### THE PROBLEM
Retype each line exactly as it stands, beginning at the first line of the material and finishing with the line that contains "Checkmate Clutch Purse".

▼▼▼

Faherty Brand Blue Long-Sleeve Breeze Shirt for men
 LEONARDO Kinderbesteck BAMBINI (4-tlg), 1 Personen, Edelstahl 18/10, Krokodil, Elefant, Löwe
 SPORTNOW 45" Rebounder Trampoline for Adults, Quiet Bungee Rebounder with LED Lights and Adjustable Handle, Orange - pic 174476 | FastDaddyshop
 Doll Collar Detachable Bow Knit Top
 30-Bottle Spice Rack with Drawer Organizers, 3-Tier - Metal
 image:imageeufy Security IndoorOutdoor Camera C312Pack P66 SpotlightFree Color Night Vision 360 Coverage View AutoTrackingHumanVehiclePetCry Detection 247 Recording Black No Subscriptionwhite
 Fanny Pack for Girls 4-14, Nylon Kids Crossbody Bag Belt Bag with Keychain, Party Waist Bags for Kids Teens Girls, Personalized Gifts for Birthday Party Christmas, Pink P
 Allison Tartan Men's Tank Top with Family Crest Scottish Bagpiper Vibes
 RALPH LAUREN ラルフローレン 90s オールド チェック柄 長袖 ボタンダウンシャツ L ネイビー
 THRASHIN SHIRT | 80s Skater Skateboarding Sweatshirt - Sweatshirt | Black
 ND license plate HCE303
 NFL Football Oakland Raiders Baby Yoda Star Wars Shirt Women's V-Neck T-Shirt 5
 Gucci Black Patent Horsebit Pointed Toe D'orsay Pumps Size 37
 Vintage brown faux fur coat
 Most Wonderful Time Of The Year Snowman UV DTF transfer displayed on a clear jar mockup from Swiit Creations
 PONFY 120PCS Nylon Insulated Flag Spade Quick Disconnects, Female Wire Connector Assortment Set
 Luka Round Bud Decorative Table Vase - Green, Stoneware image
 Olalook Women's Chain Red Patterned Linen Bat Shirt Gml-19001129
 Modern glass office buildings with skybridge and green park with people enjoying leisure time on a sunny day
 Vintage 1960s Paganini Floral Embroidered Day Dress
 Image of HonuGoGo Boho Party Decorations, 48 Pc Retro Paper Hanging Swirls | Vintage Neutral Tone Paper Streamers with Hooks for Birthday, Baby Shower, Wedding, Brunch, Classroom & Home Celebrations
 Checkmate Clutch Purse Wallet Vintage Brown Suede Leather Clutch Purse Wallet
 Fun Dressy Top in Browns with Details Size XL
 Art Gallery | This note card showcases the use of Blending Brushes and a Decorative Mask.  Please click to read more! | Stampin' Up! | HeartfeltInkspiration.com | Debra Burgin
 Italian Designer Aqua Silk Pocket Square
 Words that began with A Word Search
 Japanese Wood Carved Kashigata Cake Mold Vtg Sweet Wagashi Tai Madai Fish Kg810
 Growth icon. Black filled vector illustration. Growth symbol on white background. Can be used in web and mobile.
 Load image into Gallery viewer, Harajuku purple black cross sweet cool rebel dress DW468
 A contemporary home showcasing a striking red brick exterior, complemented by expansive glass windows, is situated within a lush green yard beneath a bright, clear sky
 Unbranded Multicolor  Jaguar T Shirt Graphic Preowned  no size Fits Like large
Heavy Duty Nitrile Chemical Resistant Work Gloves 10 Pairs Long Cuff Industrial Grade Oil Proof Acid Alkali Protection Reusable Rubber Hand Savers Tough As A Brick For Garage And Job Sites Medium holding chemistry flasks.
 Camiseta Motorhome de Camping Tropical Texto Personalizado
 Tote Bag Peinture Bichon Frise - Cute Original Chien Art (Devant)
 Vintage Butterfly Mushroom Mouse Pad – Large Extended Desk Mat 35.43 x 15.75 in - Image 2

▲▲▲

### SOLUTION BELOW
Faherty Brand Blue Long-Sleeve Breeze Shirt for men
 LEONARDO Kinderbesteck BAMBINI (4-tlg), 1 Personen, Edelstahl 18/10, Krokodil, Elefant, Löwe
 SPORTNOW 45" Rebounder Trampoline for Adults, Quiet Bungee Rebounder with LED Lights and Adjustable Handle, Orange - pic 174476 | FastDaddyshop
 Doll Collar Detachable Bow Knit Top
 30-Bottle Spice Rack with Drawer Organizers, 3-Tier - Metal
 image:imageeufy Security IndoorOutdoor Camera C312Pack P66 SpotlightFree Color Night Vision 360 Coverage View AutoTrackingHumanVehiclePetCry Detection 247 Recording Black No Subscriptionwhite
 Fanny Pack for Girls 4-14, Nylon Kids Crossbody Bag Belt Bag with Keychain, Party Waist Bags for Kids Teens Girls, Personalized Gifts for Birthday Party Christmas, Pink P
 Allison Tartan Men's Tank Top with Family Crest Scottish Bagpiper Vibes
 RALPH LAUREN ラルフローレン 90s オールド チェック柄 長袖 ボタンダウンシャツ L ネイビー
 THRASHIN SHIRT | 80s Skater Skateboarding Sweatshirt - Sweatshirt | Black
 ND license plate HCE303
 NFL Football Oakland Raiders Baby Yoda Star Wars Shirt Women's V-Neck T-Shirt 5
 Gucci Black Patent Horsebit Pointed Toe D'orsay Pumps Size 37
 Vintage brown faux fur coat
 Most Wonderful Time Of The Year Snowman UV DTF transfer displayed on a clear jar mockup from Swiit Creations
 PONFY 120PCS Nylon Insulated Flag Spade Quick Disconnects, Female Wire Connector Assortment Set
 Luka Round Bud Decorative Table Vase - Green, Stoneware image
 Olalook Women's Chain Red Patterned Linen Bat Shirt Gml-19001129
 Modern glass office buildings with skybridge and green park with people enjoying leisure time on a sunny day
 Vintage 1960s Paganini Floral Embroidered Day Dress
 Image of HonuGoGo Boho Party Decorations, 48 Pc Retro Paper Hanging Swirls | Vintage Neutral Tone Paper Streamers with Hooks for Birthday, Baby Shower, Wedding, Brunch, Classroom & Home Celebrations
 Checkmate Clutch Purse Wallet Vintage Brown Suede Leather Clutch Purse Wallet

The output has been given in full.